The Sacramento Kings and their evolving culture
About 20 or 30 minutes have passed since Saturday practice has ended. A handful of players remain on the two courts, occupying all four baskets inside the Sacramento Kings’ practice facility.
One of those players is Hamady Ndiaye, a preseason roster invite. In his limited time as a King, the 25-year-old, 7-foot tall big man has been quite impressed by the basketball environment in Sacramento.
“I think being here opened my eyes in a whole different way of the game,” Ndiaye said last week after his post-practice workout session with fellow bigs and assistant coach Clifford Ray. “I did work out with the guys. I practiced a lot and everything, but the feeling I’m getting here – the camaraderie – the coaches and everyone is open to helping.”
The Rutgers alum began his career with the Washington Wizards, playing two seasons in the nation’s capital. He appeared in just 19 games and played a total of 83 minutes as a member of the franchise formerly known as the Bullets.

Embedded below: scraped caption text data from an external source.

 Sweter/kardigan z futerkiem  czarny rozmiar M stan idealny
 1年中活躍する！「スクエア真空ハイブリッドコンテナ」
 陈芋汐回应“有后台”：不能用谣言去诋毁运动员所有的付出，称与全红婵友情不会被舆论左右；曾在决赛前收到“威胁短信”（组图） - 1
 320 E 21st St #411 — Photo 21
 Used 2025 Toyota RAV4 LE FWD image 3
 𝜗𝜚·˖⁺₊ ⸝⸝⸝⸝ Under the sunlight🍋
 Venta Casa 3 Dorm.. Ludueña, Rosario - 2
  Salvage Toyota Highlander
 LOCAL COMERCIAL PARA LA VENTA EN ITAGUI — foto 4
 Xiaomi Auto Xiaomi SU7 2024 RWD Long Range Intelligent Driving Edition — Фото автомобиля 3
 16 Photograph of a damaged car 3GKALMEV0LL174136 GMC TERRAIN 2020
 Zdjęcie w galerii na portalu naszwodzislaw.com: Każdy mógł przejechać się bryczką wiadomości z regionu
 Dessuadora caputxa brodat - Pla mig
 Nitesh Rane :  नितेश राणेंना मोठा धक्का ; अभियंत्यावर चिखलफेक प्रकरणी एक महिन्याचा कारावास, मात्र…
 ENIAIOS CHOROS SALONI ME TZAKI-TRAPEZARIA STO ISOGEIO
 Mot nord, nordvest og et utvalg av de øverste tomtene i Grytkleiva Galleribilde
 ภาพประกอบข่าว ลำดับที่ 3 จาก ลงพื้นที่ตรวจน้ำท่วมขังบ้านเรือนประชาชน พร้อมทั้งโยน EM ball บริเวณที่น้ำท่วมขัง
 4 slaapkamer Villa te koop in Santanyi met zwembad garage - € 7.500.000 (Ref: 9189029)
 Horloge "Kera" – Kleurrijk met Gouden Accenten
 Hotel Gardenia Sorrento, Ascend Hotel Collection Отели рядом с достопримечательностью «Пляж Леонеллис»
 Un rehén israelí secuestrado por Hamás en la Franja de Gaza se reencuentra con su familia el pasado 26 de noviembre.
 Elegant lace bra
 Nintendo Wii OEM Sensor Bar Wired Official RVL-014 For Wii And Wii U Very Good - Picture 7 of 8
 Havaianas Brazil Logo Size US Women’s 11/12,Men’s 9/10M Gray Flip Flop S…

He looks back fondly at his experience with the Wizards. But in the few weeks he’s spent with the Kings, he’s noticed a different kind of culture – one that focuses on a personal approach with its talent.
“I feel as (if) every single coach on this staff is hands on,” Ndiaye said. “Whenever I walk up to somebody and I’m like, ‘What did I just do wrong?’, they’ll exactly tell me what I did and how to fix it.”
Ndiaye has experienced a number of teaching moments during his time with the Kings, none more memorable than his first practice in training camp at Colorado Springs. As part of his new defensive grading system, Keith Smart passed out report cards to his players and Ndiaye, widely-regarded as a solid defender, received the worst grade out of his 18 teammates.
Shocked and stunned, Ndiaye could’ve pouted or remained silent. But instead, the big man did what every player eagerly looking to improve should do – he approached coaches for feedback and they obliged.
“They corrected everything to the point where my score got so much higher the next day,” Ndiaye said. “And then the next day and the next day. It’s, to me, the best improvement I kind of made in a couple of days. They would just work with me and got me to understand certain things that I didn’t do before – and it’s just a great feeling.”
The improvement was necessary considering the Kings’ depth at power forward and center. On a daily basis, Ndiaye is facing the likes of DeMarcus Cousins, Chuck Hayes, Jason Thompson and Thomas Robinson – four very different big men who pose very different kinds of challenges on both ends of the floor.
But what doesn’t vary between that eclectic mix of talent is how they are approaching this upcoming season. Ndiaye has seen good work ethic on display in every workout session.
“It’s like there’s a bunch of me’s around,” Ndiaye said of his teammates’ desires to practice hard every day. “And it’s good to work with guys that kind of have the same mentality.
“And everybody goes hard at practice – really hard,” he added. “And I love it. It’s all you can ask as a basketball player.”
What Ndiaye describes is the atmosphere Keith Smart has been working to establish since becoming head coach in January. Will the change in culture lead to more wins this year? Nobody knows. But from the eyes of a player who spent two formative seasons of his career on a rebuilding team, the Kings seem headed in a positive direction.